WASHINGTON (AP) -- Nearly two years ago on a cold February day, President Barack Obama stood for the first time before a joint session of Congress and spoke of a national day of reckoning.
It was time not just to stabilize the shaken economy, he declared, but to reach for lasting prosperity.
His goals were expansive: overhauling health care, cutting the deficit, improving schools, finding a way out of Iraq and a way ahead in Afghanistan. Most of all, creating jobs. Jobs by the millions.
He had big plans and a Democratic majority in Congress to help him carry them out.
"We will rebuild, we will recover, and the United States of America will emerge stronger than before," Obama said to rousing applause.
Grim as the economic news was at the time, the nation - and Obama - didn't know how bad it was going to get before things started to turn around. The economy hemorrhaged nearly 4 million jobs in 2009, Obama's first year as president.
Two years in to his term, as Obama prepares to stand before Congress once again on Tuesday, he will size up an altered State of the Union.
The economy undisputedly is on stronger footing, though far from robust. There's a new health care law. U.S. troops have come out of Iraq and gone into Afghanistan.
"The most productive two years that we've had in generations," the president pronounces it.
Yet he will speak to a radically reshaped Congress. His party's ranks have been thinned by voters who delivered a harsh verdict in November on two years of collaboration between Obama and the Democratic-controlled House and Senate.
He faces Republicans who are sworn to slash spending by as much as $100 billion as the government comes off an economic rescue effort that has put the country on track for a third consecutive year of $1 trillion-plus deficits.
Ask people whether Obama has delivered on his broad-brush promise of change, and 42 percent - the biggest share - say it's still too soon to tell, according to an AP-GfK poll. One-third say he's failed to deliver; one-quarter think he's kept his promise.

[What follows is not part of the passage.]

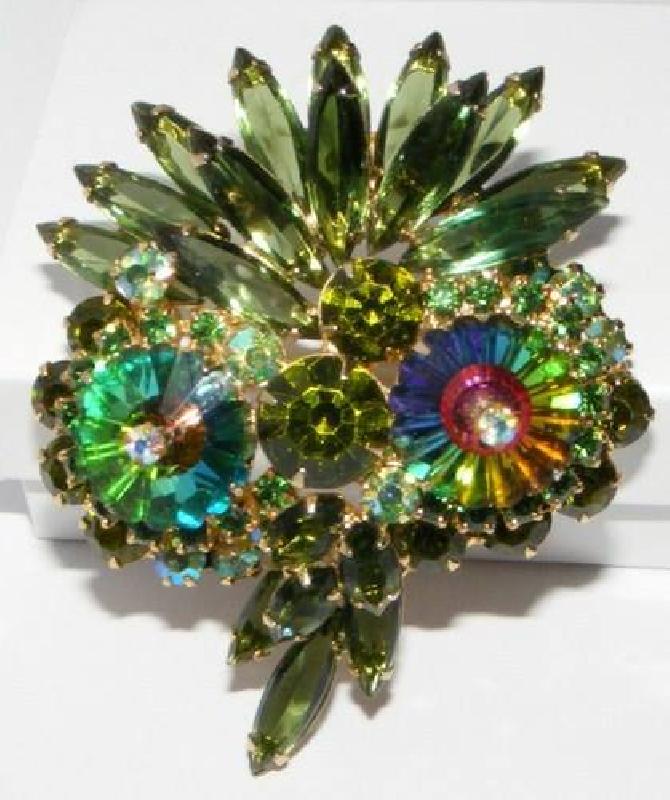Front view of Green Navettes Rivoli/Margarita Brooch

The public is divided, too, on whether Obama is attempting to change things at the right pace, according to the poll. About one-third think he's moving too fast, and almost equal shares think his pace is just right or too slow.
Where do we stand? "I think I'd use the word transitional," says Rutgers political scientist Ross Baker. "There's a sense of expectation on the part of the public. I think it's tinged with hopefulness."
The nation may have weathered its economic crisis, but the same cannot be said for many people.
The unemployment rate was 8.2 percent in February 2009, when Obama first addressed Congress. It hit double digits by that October and was 9.4 percent at last report. While the administration is quick to point out that 1.1 million jobs were created last year, there are 2.8 million fewer jobs now than when Obama took office.
Housing is a particular sore spot. Foreclosures hit a record 1 million in 2010, and this year's figures are likely to be worse.
"I don't think they ever fully got their arms around the factors that were contributing to such an appalling rate of foreclosures and I don't think they've done it yet," says the Brookings Institution's Bill Galston, a former Clinton administration official who gives the president good marks overall for stabilizing the economy.
In Obama's first address to Congress, the president spoke passionately about the inequities and "crushing costs" of the health care system, of families denied treatment or forced into bankruptcy because of medical bills.
Last March 23, after a long and fierce battle, Obama signed into law the Patient Protection and Affordable Care Act, aimed at expanding coverage to virtually all in this country and preventing insurers from denying coverage to those with health problems.
The political repercussions were immediate and intense. Republicans campaigned against "Obamacare" in the fall elections; Democrats mostly tried to avoid the subject.
On Tuesday, Obama will stand before Congress in the same chamber where House Republicans voted just days ago to scrap the law (knowing their repeal effort would founder in the Senate.)
While the economy commanded Obama's attention, the two wars he inherited tested his resolve as commander in chief. Obama sought an exit strategy in Iraq, the war he had opposed from the start, and an escalation in Afghanistan, the war he thought was just.
The U.S. had about 138,000 troops in Iraq when he took office and 36,000 in Afghanistan.
Two years later, the situation has flipped: There are 47,000 in Iraq, 97,000 in Afghanistan.
All in all, Obama made an astonishing array of promises in his campaign and rededicated himself to them in the early days of his presidency. They ranged from small-bore ones such as his pledge to open American cultural centers in Islamic cities abroad (a promise being kept) to his vow to repeal the Bush-era tax cuts for the wealthy (a promise broken).
To the Heritage Foundation's Brian Darling, Obama has emerged as the "over-promiser in chief."
"Walking into another State of the Union speech," says Darling, "the American people will look at his statements skeptically."
To Galston, Obama's efforts on the economy are the overarching achievement of the first half of his term - and the key to a successful second half.
"The administration's accomplishment in preventing economic disaster has been underestimated and is likely to look better in historical hindsight than it has up to now," Galston says. "The real challenge that he has going forward is to move the patient from stability to recovery. That's the Step Two."